6.5. Dunque, la critica non fu né gratuita né esorbitante, essendosi limitata a una censura polemica della condotta della persona offesa, oltre a essersi fondata su una rappresentazione veritiera dei fatti. L'analisi della valenza denigratoria non poteva restare avulsa dalla considerazione del complessivo contesto della vicenda. Il che rende configurabile l'esimente, non essendosi verificato nella vicenda in esame alcun attacco alla sfera personale del C., in quanto - come si è detto - risulta rispettato il limite della valutazione oggettiva dei comportamenti tenuti dal pubblico amministratore locale, oltre a quello della pertinenza allo specifico tema.
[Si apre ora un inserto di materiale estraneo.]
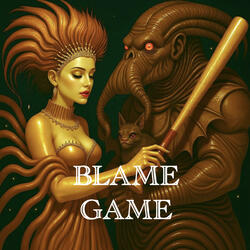 Blame Game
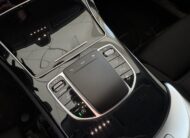 MERCEDES-BENZ GLC220D 4 MATIC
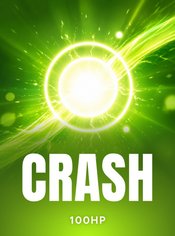 Crash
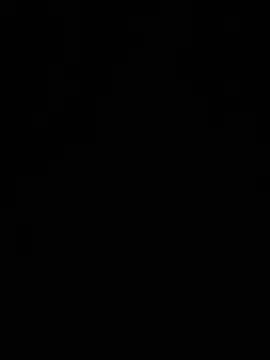 Snapshot of amitsharma7868 chatting on October 23, 2025, 10:36 am amitsharma7868 online show from October 23, 2025, 10:36 am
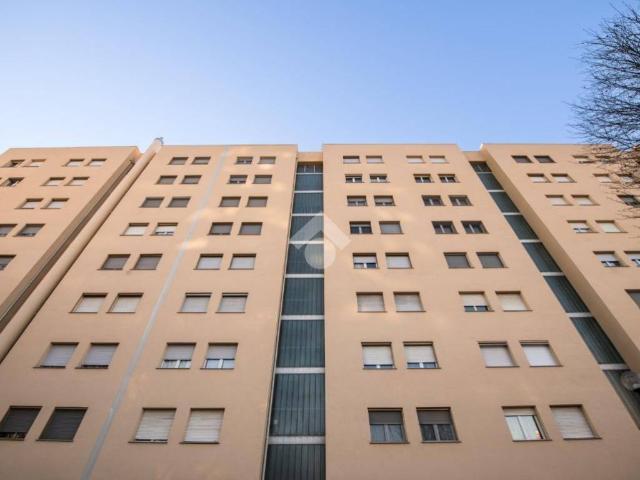 Appartamento in affitto a Milano MI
6.6. Va, dunque, affermato che è scriminata dall'esercizio del diritto di critica politica la condotta, potenzialmente diffamatoria, di diffusione con mezzo di pubblicità elle notizie di avere cercato voti in campagna elettorale con la scorta al seguito e di favoritismi posti in essere da un amministratore pubblico a vantaggio di professionisti di sua conoscenza, nel conferimento di incarichi pubblici, sempre che dette notizie siano vere, si connotino di pubblico interesse e di continenza formale, non trasmodando la comunicazione in attacchi personali portati direttamente alla sfera privata dell'offeso e non sconfini nella contumelia e nella lesione della reputazione dell'avversario (cfr. Sez. 5, n. 41767 del 21/07/2009, Rv. 245430).
7.L'epilogo del presente scrutinio di legittimità è l'annullamento senza rinvio della sentenza impugnata.
P.Q.M.
Annulla senza rinvio la sentenza impugnata per non essere i fatti punibili ai sensi dell'art. 51 c.p..
Così deciso in Roma, il 10 novembre 2022.